Las Vegas: His defining, captivating showing behind him, Canelo Alvarez breathed in the satisfaction of delivering Gennady Golovkin his first defeat and all that meant.

By forcing the man who terrorised the division for more than half a decade to retreat, by punching through the cloud that accompanies a positive drug test and by silencing critics with a heartfelt performance, Alvarez won more than two middleweight belts on Saturday.

“I did everything we could to complete our objective. All the work we did paid off in the ring,” the Mexican fighter said following his triumph at T-Mobile Arena.

By producing 24 intense rounds — including last year’s draw — without either man hitting the canvas, Alvarez and Golovkin seem destined for a trilogy fight. The question is when?

Alvarez told promoter Oscar De La Hoya to book a December 15 bout, and the favoured opponent is former International Boxing Federation middleweight champ David Lemieux, who scored a first-round knockout of Gary “Spike” O’Sullivan on Saturday’s card.

“I hope I fight Canelo in December. I’ll fight him in November,” Lemieux said.

Golovkin trainer Abel Sanchez said for a third meeting to come on Cinco de Mayo weekend next year, the public will have to push for it.

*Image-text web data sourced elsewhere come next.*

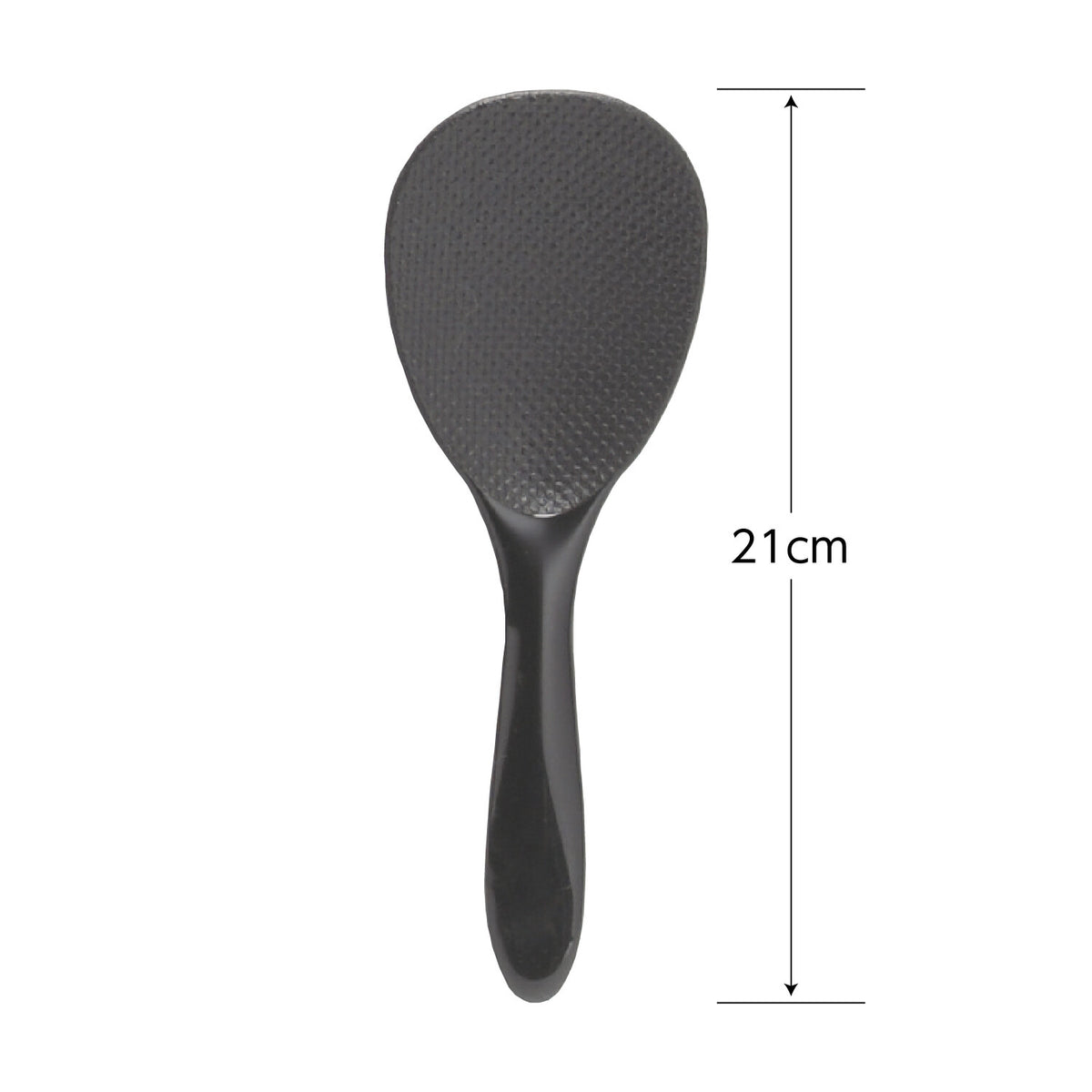 Akebono Okechau Standing Rice Paddle 21cm Black PM-781
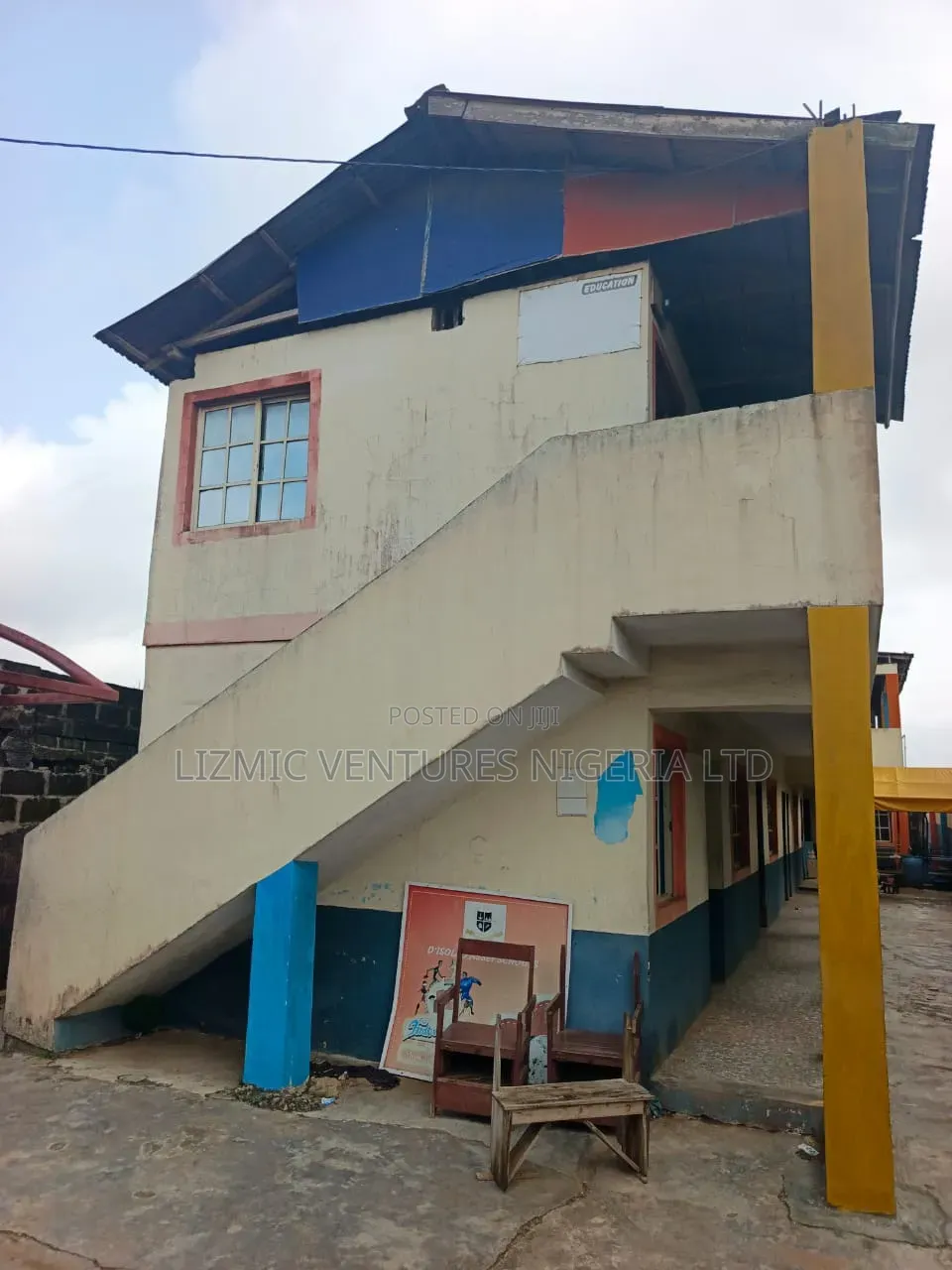 Sharp and Beautiful School for Sale in Igando / Ikotun/Igando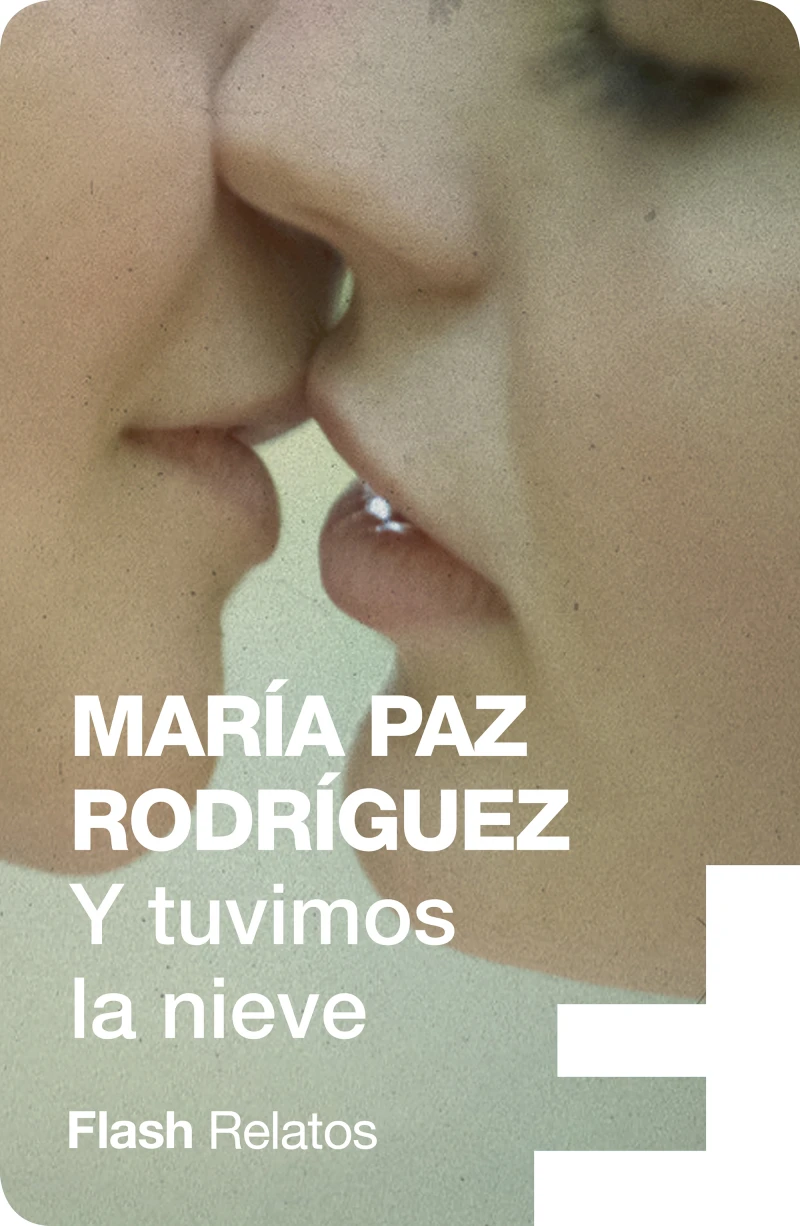 Portada: Y tuvimos la nieve (Flash cuentos)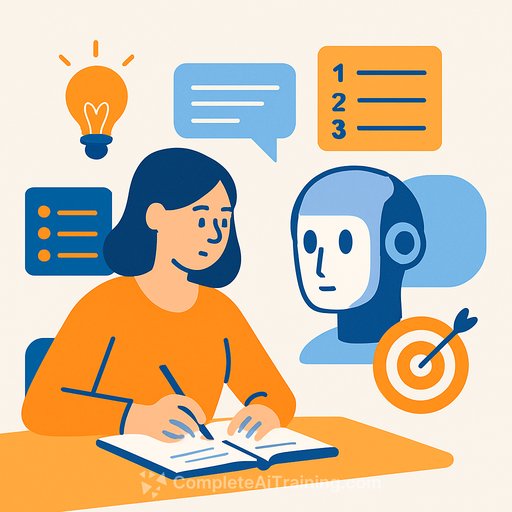 4 Expert Tips for Writing Better AI Prompts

“Obviously, Triple-G’s camp is going to want it, but we have to be real here: They both just survived a devastating war,” De La Hoya said. “They’re tired, and it’d be silly to match them up back to back to back again. Canelo’s going to go down his own path to super-stardom. This fight took him there. Triple-G has to regroup himself, get a couple more wins, maybe, until we do it again.”